In [1]:
import pandas as pd

DATA = '/kaggle/input/microsoft-stock/microsoft_stock_synthetic.csv'
df = pd.read_csv(filepath_or_buffer=DATA, parse_dates=['Date'])
df['year'] = df['Date'].dt.year
df['month'] = df['Date'].dt.month
df.head()

Unnamed: 0,Date,Open,High,Low,Close,Volume,AdjustedClose,Dividend,SplitCoefficient,DailyReturnPercent,year,month
0,2020-01-01,150.56,150.61,150.01,150.14,7878334,151.2,0.0,1.0,0.09,2020,1
1,2020-01-02,149.83,149.89,149.39,149.64,2780798,150.01,0.0,1.0,-0.33,2020,1
2,2020-01-03,149.32,150.22,148.76,150.03,11714555,151.22,0.0,1.0,0.26,2020,1
3,2020-01-04,151.86,152.53,151.67,151.75,24082477,152.38,0.0,1.0,1.15,2020,1
4,2020-01-05,151.89,153.84,151.13,152.63,43187302,153.35,0.0,1.0,0.58,2020,1


First let's look at the price/volume correlations.

In [2]:
df[['Open', 'High', 'Low', 'Close', 'AdjustedClose', 'Volume']].corr()

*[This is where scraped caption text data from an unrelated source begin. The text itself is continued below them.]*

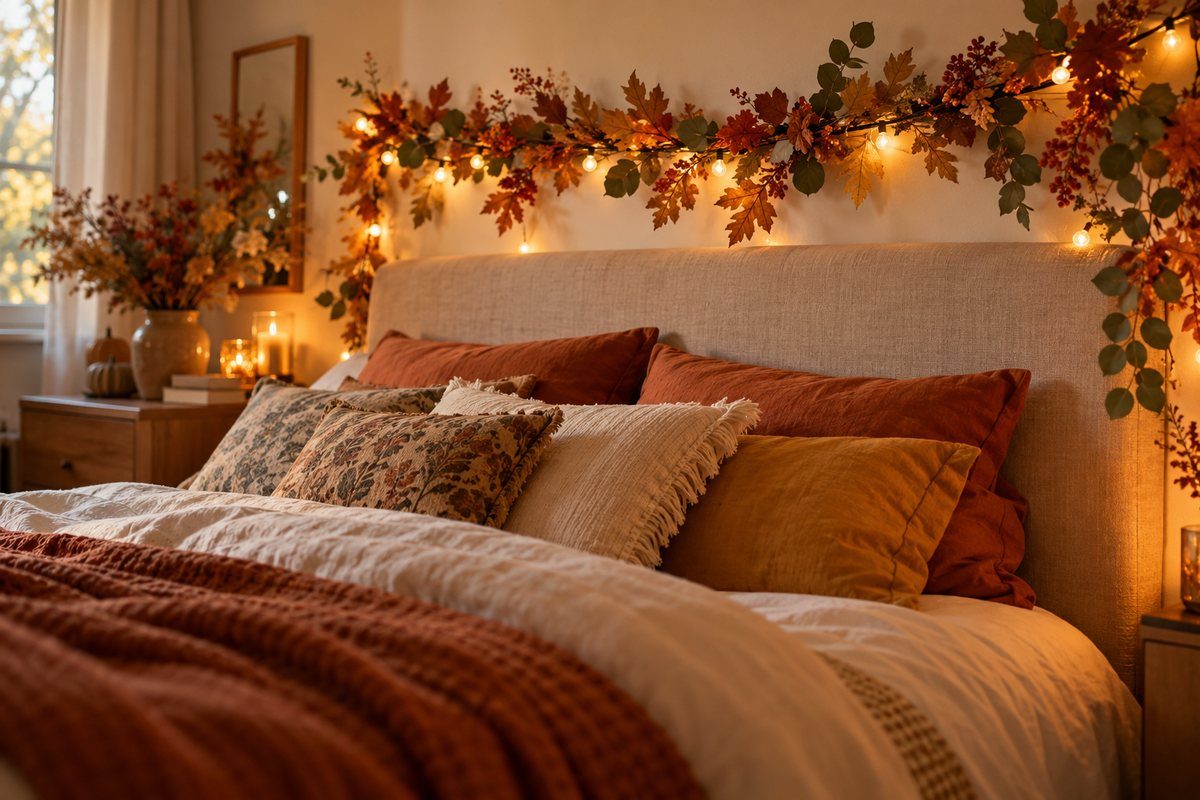 La guirlande lumineuse au-dessus du lit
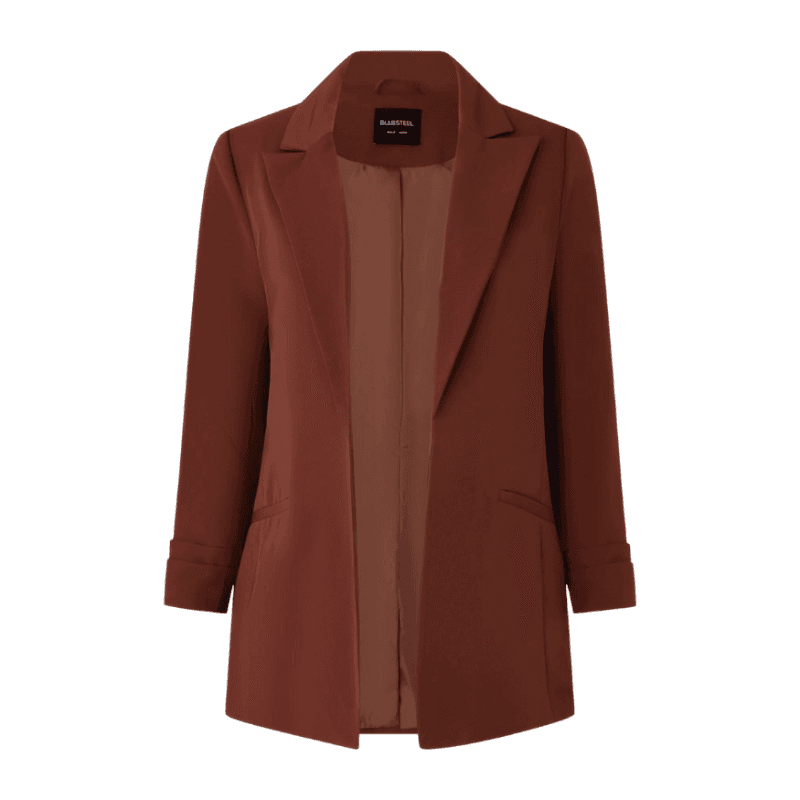 Blazer Oversized Alongado em Alfaiataria com Pregas no Punho Marrom Intenso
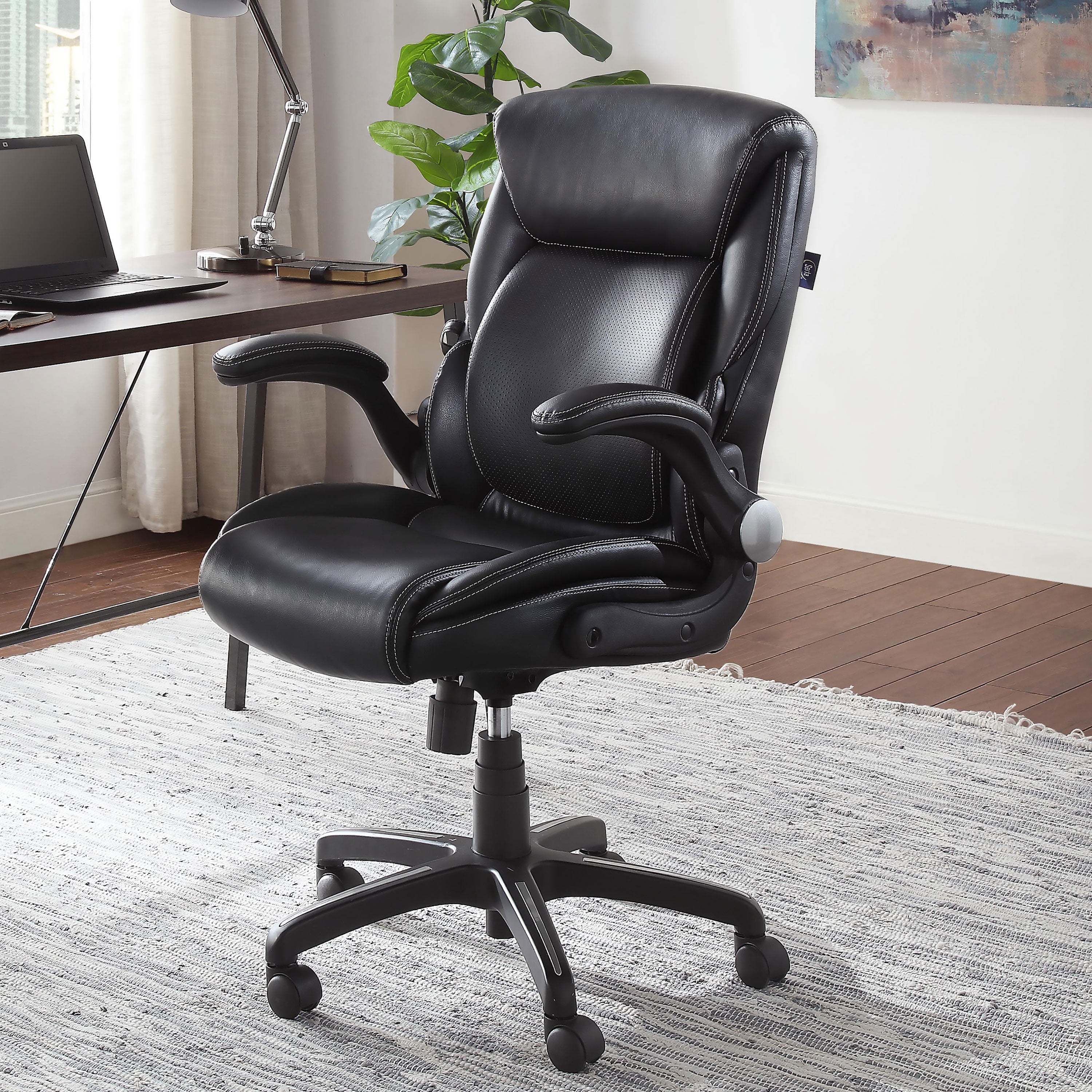 Serta Air Lumbar Bonded Leather Manager Office Chair, Gray Faux Leather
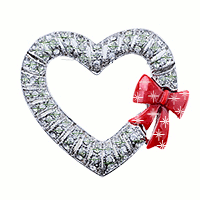 GLISTENING SHIMMERING DIAMOND HEART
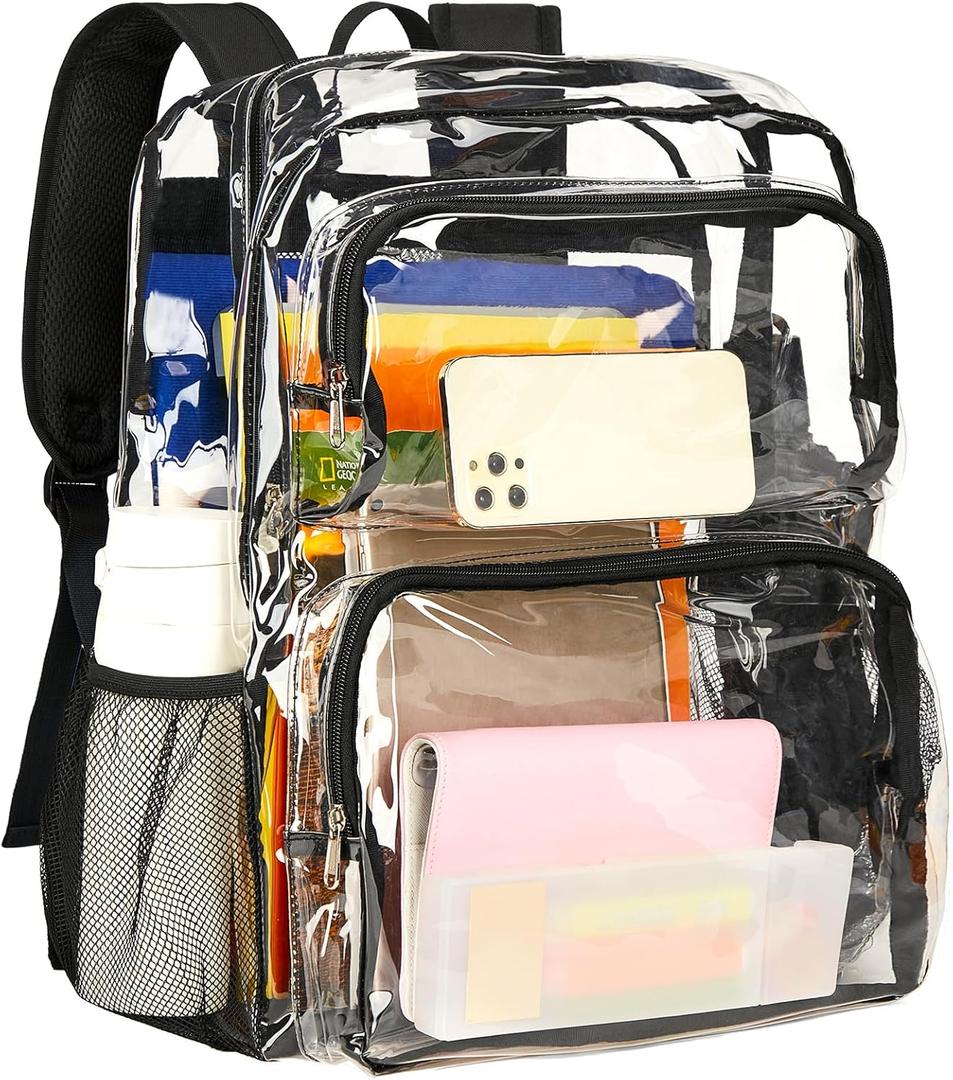 Vorspack Clear Backpack Heavy Duty - Extra Large Clear Bookbag Transparent Backpacks See Through Backpack for College Work Travel Festival - Black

Unnamed: 0,Open,High,Low,Close,AdjustedClose,Volume
Open,1.0,0.998923,0.998881,0.998089,0.987086,-0.051173
High,0.998923,1.0,0.997797,0.998141,0.987062,-0.049765
Low,0.998881,0.997797,1.0,0.998222,0.987184,-0.051307
Close,0.998089,0.998141,0.998222,1.0,0.988703,-0.049996
AdjustedClose,0.987086,0.987062,0.987184,0.988703,1.0,-0.046289
Volume,-0.051173,-0.049765,-0.051307,-0.049996,-0.046289,1.0


What do these correlations tell us? First, none of our prices are perfectly correlated, which tells us that none of them is redundant. Second, we see that prices and volumes are uncorrelated.

In [3]:
from plotly import express
from plotly.offline import init_notebook_mode

init_notebook_mode(connected=True)
express.scatter(data_frame=df, x='Date', y='AdjustedClose', color='year').show(renderer='iframe_connected',)

What do we see? We see that we only have three years of data, and we also see that MSFT has moved up and down quite a bit over the period of interest, but ended up not much changed at the end relative to the beginning. Let's take a look at the volume time series.

In [4]:
express.scatter(data_frame=df, x='Date', y='Volume', color='year').show(renderer='iframe_connected',)

Wow. That data looks a lot like random data. Let's see what its distribution looks like.

In [5]:
express.histogram(data_frame=df, x='Volume', facet_col='year').show(renderer='iframe_connected',)

That looks very random. A not very close look at the data card tells us that this isn't actual MSFT data at all, but synthetic data. That explains how the prices and volume could be uncorrelated; we usually see some correlation (-20 pct or so) for stocks with prices that rise over the long term, but price/volume correlations for stocks over the short term can be unpredictable. 

Let's take a look at the daily return; we expect that to be random even for real stock data, but we expect it to be more Gaussian rather than uniform.

In [6]:
express.histogram(data_frame=df, x='DailyReturnPercent', facet_col='year').show(renderer='iframe_connected',)

This is actually more Gaussian than we would expect daily returns to be, which is another (difficult to prove) clue we're working with synthetic data.